Re: pg_serial bloat

From: Thomas Munro <thomas(dot)munro(at)gmail(dot)com>
To: pgsql-hackers <pgsql-hackers(at)postgresql(dot)org>
Subject: Re: pg_serial bloat
Date: 2023-12-21 22:05:14
Message-ID: CA+hUKGK8nkZTd4v2=OQi1_jKB9O+Cgny6=1oSKV2GTSZ=3O8KQ@mail.gmail.com
Views: Raw Message | Whole Thread | Download mbox | Resend email
Thread:
Lists: pgsql-hackers

On Fri, Dec 15, 2023 at 9:53 AM Thomas Munro <thomas(dot)munro(at)gmail(dot)com> wrote:
> ... We've seen a system with ~30GB of files in there
> (note: full/untruncated be would be 2³² xids × sizeof(uint64_t) =
> 32GB). It's not just a gradual disk space leak: according to disk
> space monitoring, this system suddenly wrote ~half of that data, which
> I think must be the while loop in SerialAdd() zeroing out pages.

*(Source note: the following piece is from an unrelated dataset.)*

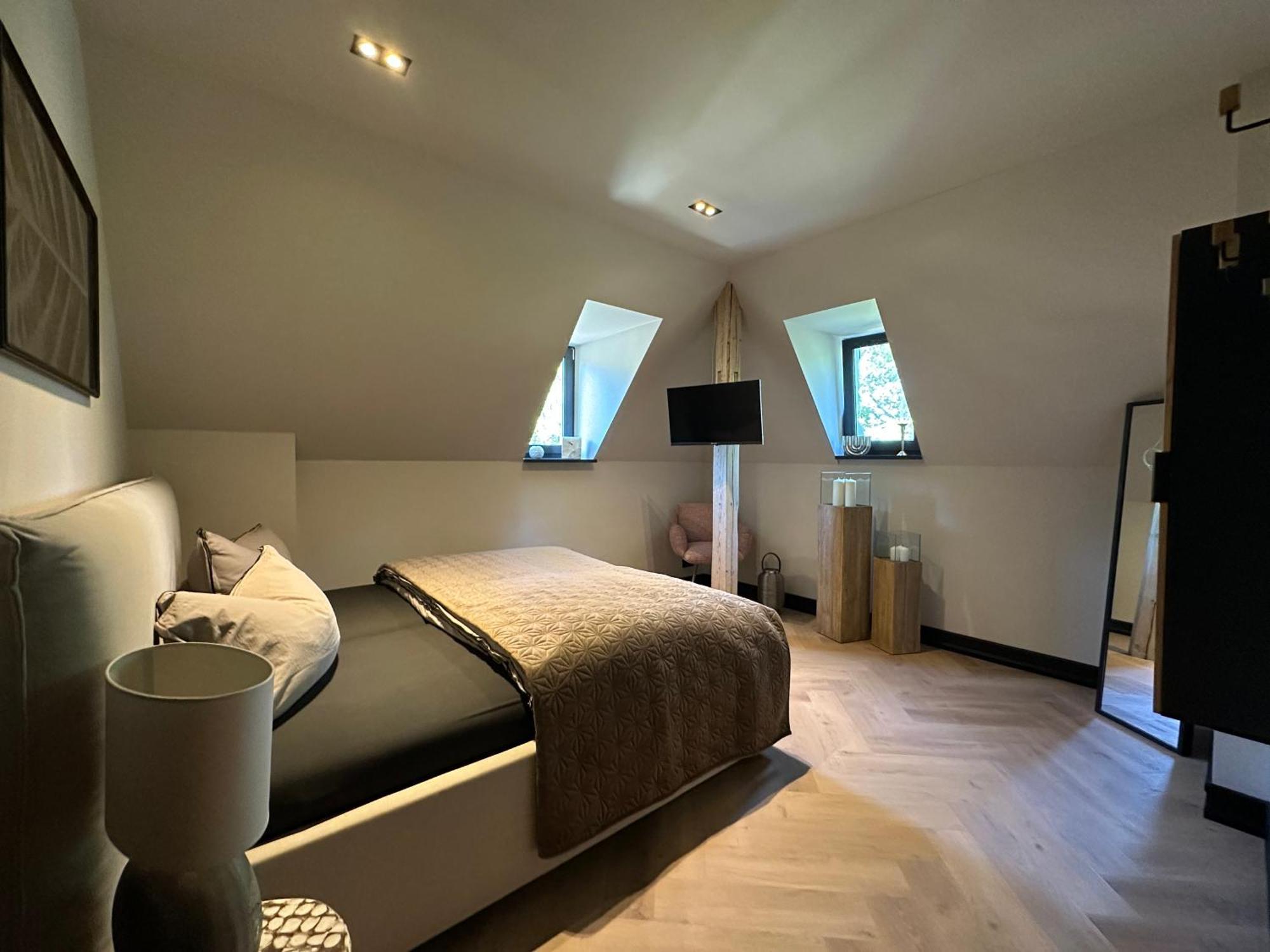 * Stadtvilla Plauen * * Aussergewoehnlich * 2 Zimmerwohnung * Zentrumsnah Luaran gambar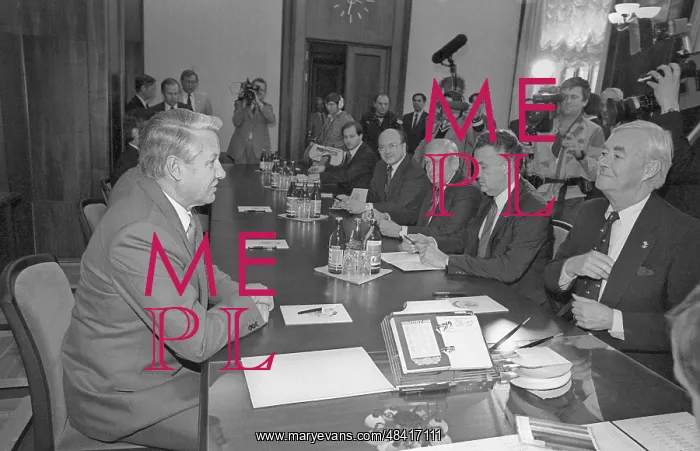 : US senators visit USSR, 1987 : US senators visit USSR, 1987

Attempt at an analysis of this rare anti-social I/O pattern:

SerialAdd() writes zero pages in a range from the old headPage up to
some target page, but headPage can be any number, arbitrarily far in
the past (or apparently, the future). It only keeps up with the
progress of the xid clock and spreads that work out if we happen to
call SerialAdd() often enough. If we call SerialAdd() only every
couple of billion xids (eg very occasionally you leave a transaction
open and go out to lunch on a very busy system using SERIALIZABLE
everywhere), you might find yourself suddenly needing to write out
many gigabytes of zeroes there.

One observation is that headPage gets periodically zapped to -1 by
checkpoints, near the comment "SLRU is no longer needed", providing a
periodic dice-roll that chops the range down. Unfortunately the
historical "apparent wraparound" bug prevents that from being reached.
That bug was fixed by commit d6b0c2b (master only, no back-patch). On
the system where we saw pg_serial going bananas, that message appeared
regularly.

Attempts to find a solution:

I think it might make sense to clamp firstZeroPage into the page range
implied by tailXid, headXid. Those values are eagerly maintained and
interlock with snapshots and global xmin (correctly but
under-documented-ly, AFAICS so far), and we will never try to look up
the CSN for any xid outside that range. I think that should exclude
the pathological zero-writing cases. I wouldn't want to do this
without a working reproducer though, which will take some effort.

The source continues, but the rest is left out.